Obama’s and the State Department’s line from the beginning has been threefold:
- We think the video is a miserable and offensive production
- The riots were a spontaneous response to the video
- It’s not the government’s position, and we didn’t have anything to do with it
On Point #1, there is near-universal agreement, although for reasons that I’ll discuss farther down, it’s questionable as to the wisdom of the US Government expressing such an opinion, and the way that they did comes pretty close to the acceptable limits.
Point #2 is absurd on the face of it. All evidence is, and has been for some time, that the attacks were planned, and two overseas newspapers have reported that the US Government had warning in advance that something was up. To what degree that intelligence was specific enough to be actionable is a matter for a Congressional investigation and another day. It, along with the high degree of organization in the Libyan attack, help to establish that these attacks were anything but spontaneous.

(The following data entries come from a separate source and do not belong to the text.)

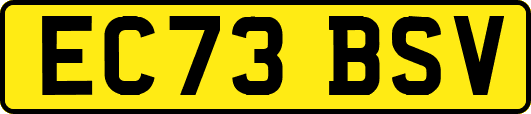 EC73BSV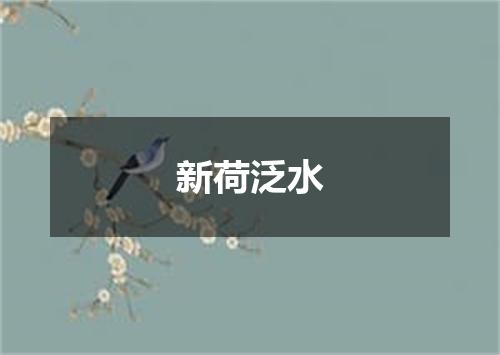 新荷泛水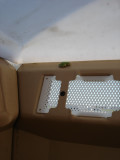 Strange places you find tree frogs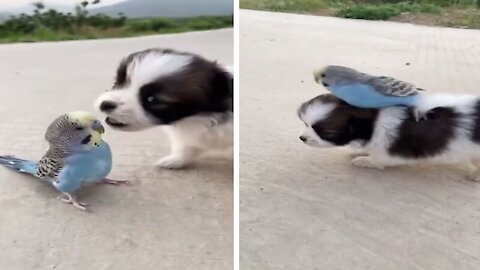 Cute puppy has fun time with funny little parrot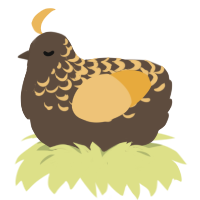 A bark and honey chicken with a half-lace pattern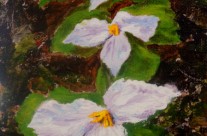 2013 – 32 Trillium Trio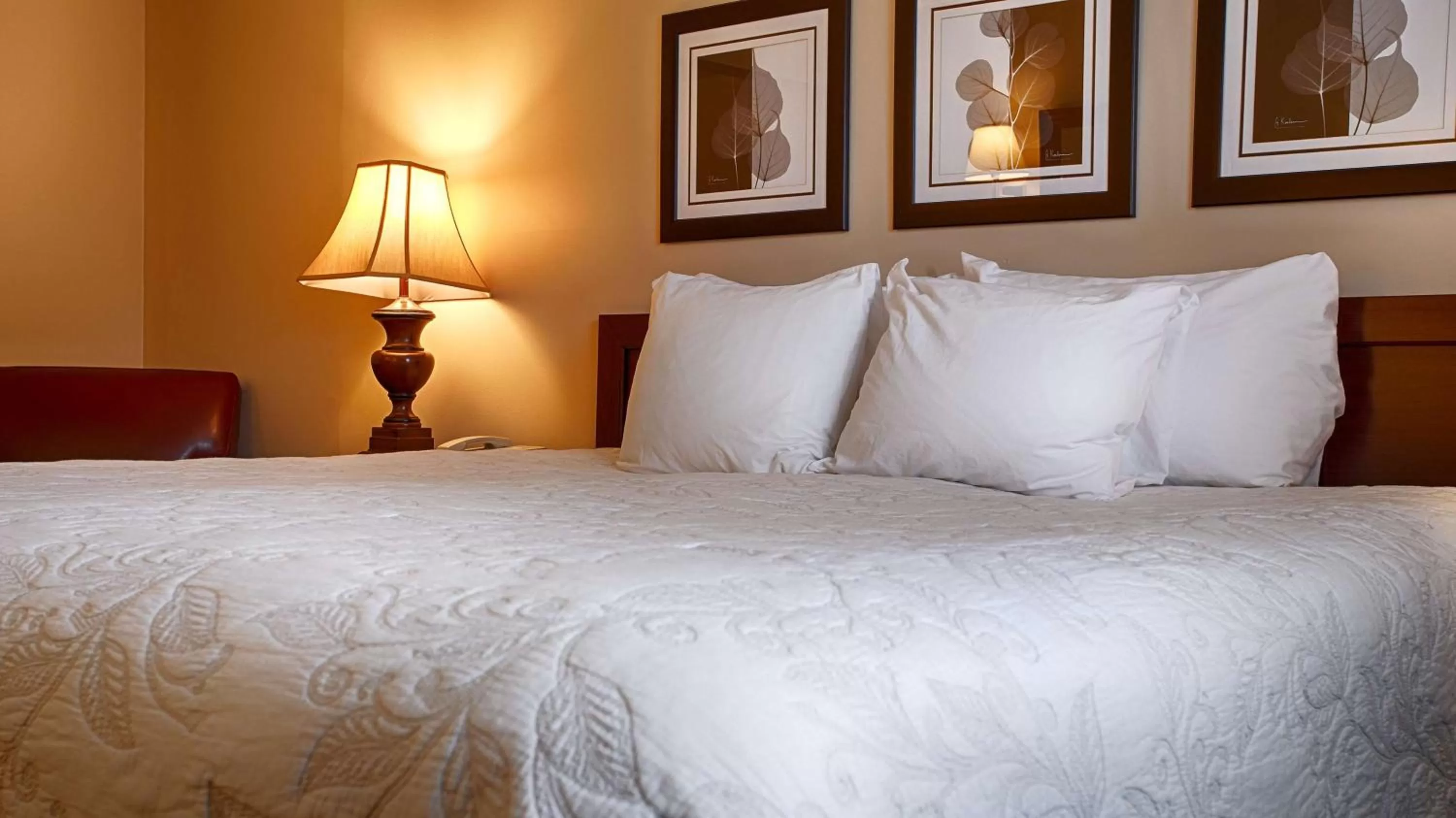 King Room - Non-Smoking in Silver Fox Inn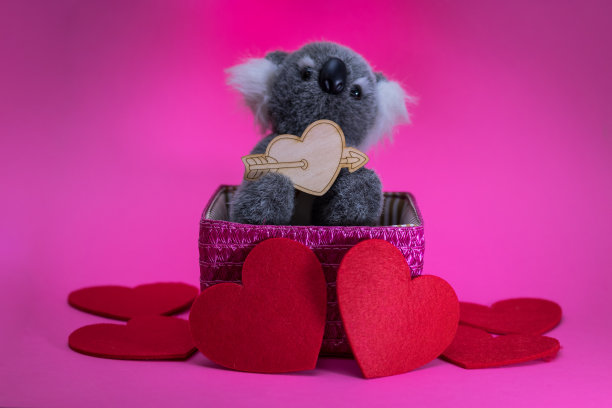 可爱的玩具考拉，红色的心在粉红色的篮子图片下载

Point #3 is where we start to get into real trouble, because even if it’s true, it’s far from clear that you want the US Government saying it.
A lot has been made of the migration of money away from political candidates’ official campaigns and to PACs and now, SuperPACs. This can cause the candidate to lose control of his message, since there’s not supposed to be any coordination between the campaign and the PAC. But it also gives supporters of a campaign latitude to say things that the campaign could never say, or shouldn’t say, and the non-coordination law gives the candidate the ability to wave away questions about PAC ads that might be edgy or even in poor taste. In fact, it’s critical that the candidate do that, because as soon as he starts to question things his supporters are saying, he can be held responsible for their saying it.
While the video isn’t responsible for the riots, the riots can become a lever by which Arab and Islamist government move the US in the direction of self-censorship in the matter of Islam. This has long been a desiderata of these governments, and one which the US has resisted, certainly better than European countries. Which is why it’s so important that Obama and Clinton (and through Carney and others), make the appropriate response.
Now comes word that the US government is “asking” YouTube to review the video and re-decide
that if it violates YouTube’s terms of service. As lousy an idea as this is under normal circumstances, it runs afoul of the cardinal principle that not only can’t the government stop its people from talking, it has no moral right to, and doesn’t want to.
By putting pressure on YouTube to shut up, it’s tossing away all of Point #3, and putting us at risk for greater pressure down the line. By saying that it does have the power to prevent certain kinds of speech on the basis of content, it also implicitly assumes responsibility for the kinds of speech it chooses to deal with. If it claims that it doesn’t like something someone said, outsiders can ask why they don’t pressure YouTube, or whatever platform, to remove it. If the government chooses not to do so, claims that the government must really agree with what’s being said (or at least, really like who’s saying it), gain currency. Not only does it constrict the bounds of acceptable speech, it also has the potential to tie up the US government’s diplomacy.
One might question whether or not this is an appropriate “teachable moment,” as the lefties like to say, for anyone in the Arab world. And yet, I would have a preferred a response from our State Department that focused on the virtues of open and robust debate, with the occasional abuses of that right, to one that focuses on the helplessness of the the US government to control the speech of its citizens.